## Task data
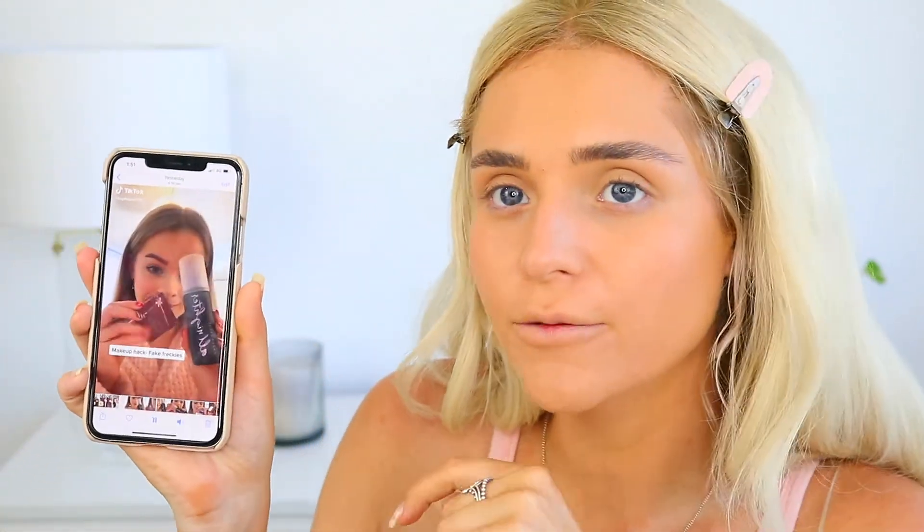I'm going to try the next beauty hack — and this is the only other hack I have. The makeup hack is fake freckles. I did see this one and I thought it was really cool. Basically what she did was get some setting spray, put it in the cap, and then kind of flick it onto her skin with a powder. I'm going to do the rest of my makeup and then come back and do that trend.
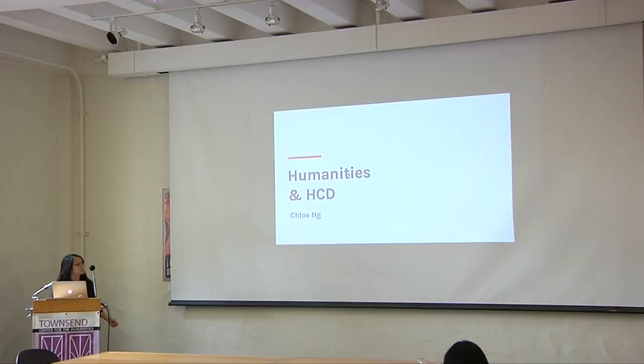I'm Chloe, I'm a senior, and I'm presenting on humanities and human-centered design. I'm an English and media studies major, so very humanities-based.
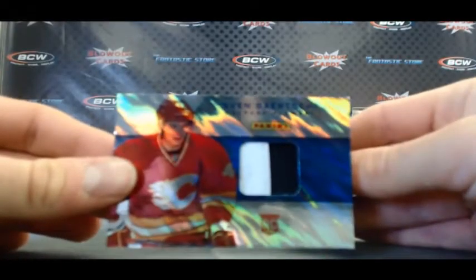Alright, so we got a Buster Posey — a little Refractor Wave version there. And Derek Jeter Studio. Nice. Sven Barteschi, two-color patch. And John Carlos Stanton.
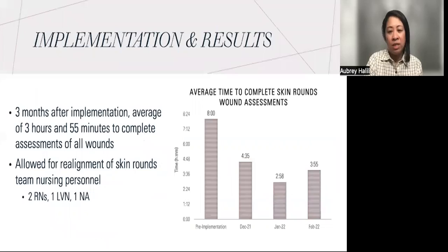Guided by the evidence, I implemented the use of 3D wound technology, which allowed for the Skin Rounds team to collect images, automatic measurements, and complete assessments at the bedside using one device. Three months after implementing the new technology, data showed that the time to complete wound assessments decreased to an average of about three hours and 55 minutes.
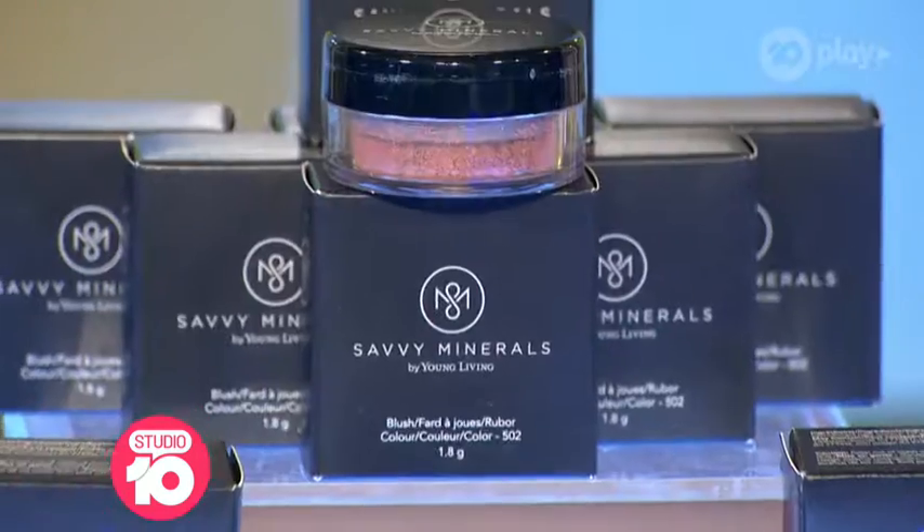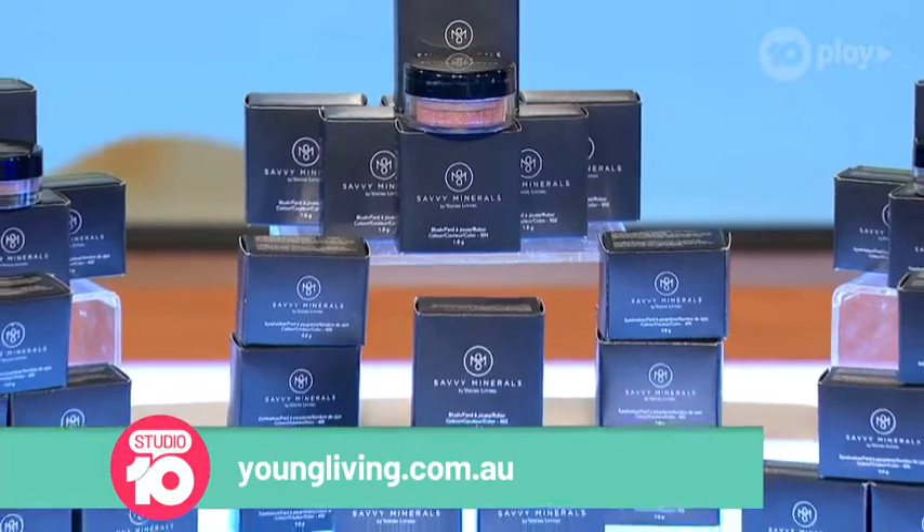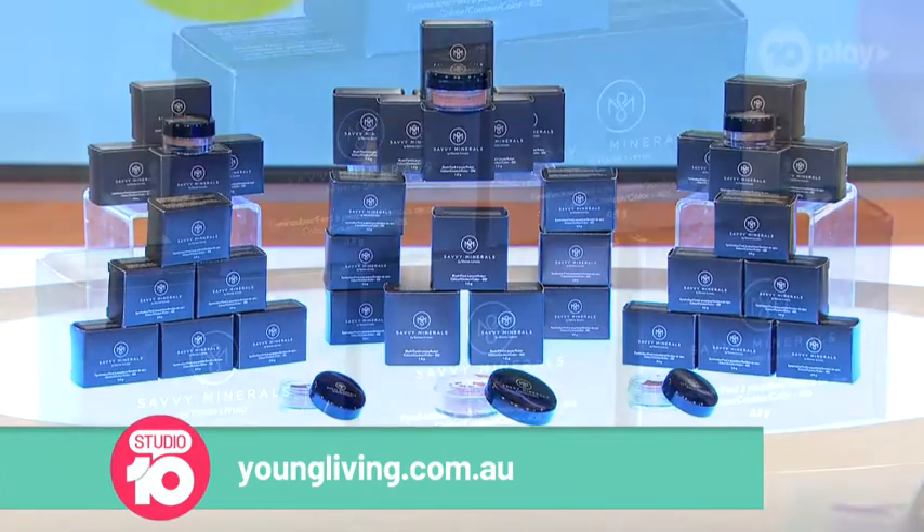Now, if you're looking for a beauty range using only natural ingredients and essential oils, Young Living has you covered. Introducing their Savvy Minerals collection — carefully formulated, cruelty-free, without those hidden synthetics and cheap nasty fillers.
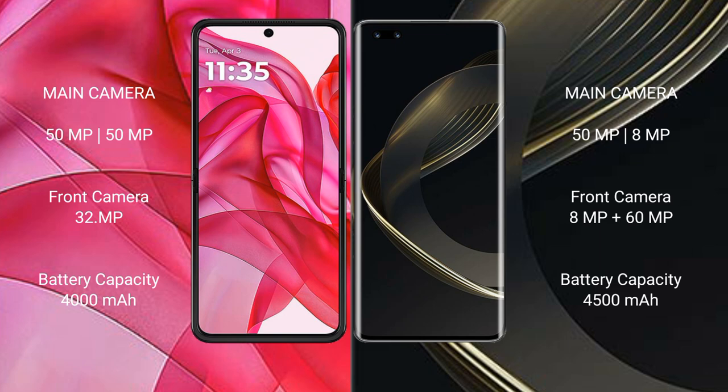Motorola Razr 50 Ultra has a 4000mAh battery with 45W fast charging support. Huawei Nova 11 Ultra has a 4500mAh battery with 100W fast charging support.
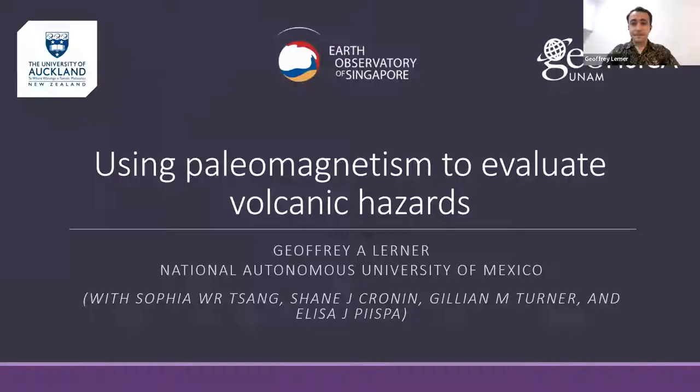Thanks everyone for coming. I'm going to talk about a subject that I find interesting and I hope everyone else will. It's based on some work I've done with a bunch of different colleagues across a few different places from my PhD through now — working at the University of Auckland, the Earth Observatory of Singapore, and now the National Autonomous University of Mexico in Mexico City.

## Activity
In copying the listing, reproduce each line exactly and omit the pictures.

## Output of the task
I'm going to try the next beauty hack — and this is the only other hack I have. The makeup hack is fake freckles. I did see this one and I thought it was really cool. Basically what she did was get some setting spray, put it in the cap, and then kind of flick it onto her skin with a powder. I'm going to do the rest of my makeup and then come back and do that trend.
I'm Chloe, I'm a senior, and I'm presenting on humanities and human-centered design. I'm an English and media studies major, so very humanities-based.
Alright, so we got a Buster Posey — a little Refractor Wave version there. And Derek Jeter Studio. Nice. Sven Barteschi, two-color patch. And John Carlos Stanton.
Guided by the evidence, I implemented the use of 3D wound technology, which allowed for the Skin Rounds team to collect images, automatic measurements, and complete assessments at the bedside using one device. Three months after implementing the new technology, data showed that the time to complete wound assessments decreased to an average of about three hours and 55 minutes.
Now, if you're looking for a beauty range using only natural ingredients and essential oils, Young Living has you covered. Introducing their Savvy Minerals collection — carefully formulated, cruelty-free, without those hidden synthetics and cheap nasty fillers.
Motorola Razr 50 Ultra has a 4000mAh battery with 45W fast charging support. Huawei Nova 11 Ultra has a 4500mAh battery with 100W fast charging support.
Thanks everyone for coming. I'm going to talk about a subject that I find interesting and I hope everyone else will. It's based on some work I've done with a bunch of different colleagues across a few different places from my PhD through now — working at the University of Auckland, the Earth Observatory of Singapore, and now the National Autonomous University of Mexico in Mexico City.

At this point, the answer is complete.